I am writing this to you from the future. Or at least from a future. The one that British Telecom has created here in Deddington as a template for all the telephone exchanges in the UK. London hopes that it will one day be like us. Probably.
The complete Deddington exchange from Aynho Wharf to the Barfords will be totally enabled with the completion of phase three – the old half of Deddington – some time in March. Then we have two years to switch our phones and internet connections over to fibre optic before they remove all the copper wiring in the area. There is no coming back from the future here you know.
The first step is to choose your phone and internet provider and package. The obvious choice is the omnipresent BT Infinity but there are a good dozen companies (listed at http://www.thinkbroadband.com/guide/fibre-broadband.html) which you can talk to instead, with rates varying from £18 to £150 a month based on internet speed and download limits. Some will include free installation of the last bit of cable from pole to phone point, others not.

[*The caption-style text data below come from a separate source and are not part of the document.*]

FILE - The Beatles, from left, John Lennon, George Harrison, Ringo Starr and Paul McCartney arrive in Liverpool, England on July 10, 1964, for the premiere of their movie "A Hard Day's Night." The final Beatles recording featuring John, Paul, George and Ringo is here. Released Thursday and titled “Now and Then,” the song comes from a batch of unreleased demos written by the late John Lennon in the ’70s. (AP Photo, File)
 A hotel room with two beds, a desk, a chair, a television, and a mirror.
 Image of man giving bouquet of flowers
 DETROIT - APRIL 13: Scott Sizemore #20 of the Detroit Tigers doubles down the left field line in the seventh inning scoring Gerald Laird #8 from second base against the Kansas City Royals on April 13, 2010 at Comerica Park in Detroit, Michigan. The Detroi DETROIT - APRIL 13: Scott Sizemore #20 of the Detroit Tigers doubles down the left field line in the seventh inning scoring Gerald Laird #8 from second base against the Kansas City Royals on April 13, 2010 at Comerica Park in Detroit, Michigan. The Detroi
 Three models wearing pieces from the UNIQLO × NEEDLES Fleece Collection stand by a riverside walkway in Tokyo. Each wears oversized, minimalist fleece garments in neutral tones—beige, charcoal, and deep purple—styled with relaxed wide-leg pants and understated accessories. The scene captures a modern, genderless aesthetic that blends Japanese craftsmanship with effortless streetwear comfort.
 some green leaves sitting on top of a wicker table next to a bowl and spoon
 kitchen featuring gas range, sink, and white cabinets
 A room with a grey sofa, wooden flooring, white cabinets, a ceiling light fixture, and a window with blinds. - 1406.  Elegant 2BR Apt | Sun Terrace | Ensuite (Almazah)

Our installation was pretty painless. There were two visits, seven days apart. The first replaced the copper cable from the telegraph pole to the house and then ran the new cable down to a junction box nearer where we wanted our phone and broadband connection to be. The second included drilling through the outside wall, installing the actual new hardware and enabling the new connections. (For those with a fear of dentistry, look away; metre-long drill bits are not for you.)
The only real input the engineers need is to know where you want your new boxes installed. You’ll need to have a space about the size of an A4 sheet of paper free somewhere near a plug socket for the new phone lines and battery pack to be fixed. If you have computers or an office in the house, consider having the boxes there for a wired connection to your main machine and using wireless phones rather than the other way around. As long as the distance between the junction box and the new location is less than 25 metres around the outside wall, there’s no problem.
If you’re curious about the battery pack, one downside to fibre optic cables is that unlike copper wires, they don’t carry an electric charge. The battery pack is mandatory in case a power cut happens and you need to use the phone. The pack is good for 12 hours which hopefully should be enough.
Once everything was installed, the engineer rang the BT service centre and asked them to switch the cable on. Funnily enough, our guy had a good half a dozen phone numbers for the centre and none of them answered for about half an hour. When he did get through, he was told their systems were down so he’d have to call back later. Nice to know it’s not just the consumer that gets the run-around by BT.
With respect to phones, the old ones continue to work as normal even with the new cable installed. More next month on the search for a decent fibre optic phone and figuring out just what we can all do with this new-fangled speedy broadband thing. I can confirm right now however, that the BBC iPlayer and other watch on demand TV channels all work beautifully in glorious high definition. Which is nice.